John Mathieus, hereafter the Grievant, has been a teacher at the District since 1975. The Grievant completed his Masters Degree program during the summer of 1994 and was advanced to the MA column.
The Grievant has requested that the District place him on the MA + 12 column, rather than the MA column. The Grievant has also requested that the District apply six additional credits towards the MA + 24 column. The credits at issue had been used for advancement to the BA + 12 and BA + 24 columns. The grievance was denied at all steps and, thereafter, submitted to arbitration.
POSITIONS OF THE PARTIES:
The relevant contract language is Article XV, Professional Growth. With the exception of grammatical corrections, this language has not been altered since its inception in the 1976-78 agreement.
Article XV provides for horizontal movement on the salary schedule at twelve credit intervals for approved credits. This movement is automatic except that a teacher cannot move horizontally to the masters column without a Masters Degree and horizontal movement beyond the masters column arguably requires graduate level course work.

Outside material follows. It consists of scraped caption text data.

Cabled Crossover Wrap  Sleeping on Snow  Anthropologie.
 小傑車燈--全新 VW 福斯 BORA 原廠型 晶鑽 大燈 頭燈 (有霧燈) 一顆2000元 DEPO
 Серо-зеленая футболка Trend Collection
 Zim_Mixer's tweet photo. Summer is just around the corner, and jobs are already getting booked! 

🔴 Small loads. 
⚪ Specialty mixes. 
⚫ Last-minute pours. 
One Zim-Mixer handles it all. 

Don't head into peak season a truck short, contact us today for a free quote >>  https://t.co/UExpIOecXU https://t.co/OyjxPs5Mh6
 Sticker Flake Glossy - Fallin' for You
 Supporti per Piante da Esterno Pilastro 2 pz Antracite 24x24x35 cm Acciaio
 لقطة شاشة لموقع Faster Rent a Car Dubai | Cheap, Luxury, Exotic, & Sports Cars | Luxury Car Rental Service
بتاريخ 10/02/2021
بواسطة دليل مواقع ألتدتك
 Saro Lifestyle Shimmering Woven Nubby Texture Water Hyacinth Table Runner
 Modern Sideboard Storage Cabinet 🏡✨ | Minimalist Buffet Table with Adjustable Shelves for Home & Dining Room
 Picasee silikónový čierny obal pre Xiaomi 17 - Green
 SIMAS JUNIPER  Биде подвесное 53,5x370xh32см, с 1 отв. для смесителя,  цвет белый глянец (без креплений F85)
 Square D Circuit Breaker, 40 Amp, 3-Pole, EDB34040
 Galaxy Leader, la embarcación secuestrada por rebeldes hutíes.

Credits that are part of a Masters Degree program are more than adequate to advance through all of the columns up to and including the Masters Degree column. Therefore, the Grievant's non-degree graduate credits would have no salary schedule applicability except as applied beyond the masters column. If it were the intent of the parties to restrict the applicability of such credits, the contract language should have been written in such a way as to preclude that possibility.
The District relies on the reference in the contract to application of credits ". . . toward the next step on the horizontal column . . ." This proviso, however, merely establishes a logical progression for use of acquired credits and does not mean that, upon completion of a Masters Degree, non-degree credits become irrelevant.
The Grievant's position does not involve any "leaping of lanes." Rather, it recognizes the acquisition of sufficient degrees and credits to warrant placement in the MA + 12 column. The District never advised the Grievant, nor the Association, that graduate credits earned outside a masters program, prior to receiving a Masters Degree, would not count toward MA + columns.
Former District Administrator Lemery did not bargain the 1976-78 agreement and, thus, has no knowledge of bargaining history. Lemery's testimony that other teachers' unions would not have the Grievant's expectation regarding application of graduate credits is without foundation.
Ms. Bette Schmitt is the only other employe whose circumstances approximate those of the Grievant. As Ms. Schmitt testified, she had not grieved her placement on the salary schedule because she mistakenly believed that she had eleven, rather than twelve additional credits. The cases of Larry Villiard, Kay Amborn, Cheryl Setwyn and James Nowak are not controlling.
The relevant contract language is clear on its face and there is no contrary past practice. The Association respectfully requests that the arbitrator find for the Grievant and award placement in the MA + 12 column, effective with the commencement of employment for the 1994-95 school year. The Association further requests that the District be directed to post a compliance notice and to cease and desist from such misapplication of the salary schedule in the future.
Article XV, Professional Growth, clearly states that approved credits will be applied only to the "next step on the horizontal column in the salary schedule." The contract does not state that credits which were previously used to award step increases can be reused to reach additional steps. If the parties intended the contract to allow leaping over steps, the language would have so stated. As the testimony of former District Administrator Lemery establishes, the District's interpretation of the provision is consistent with industry practice.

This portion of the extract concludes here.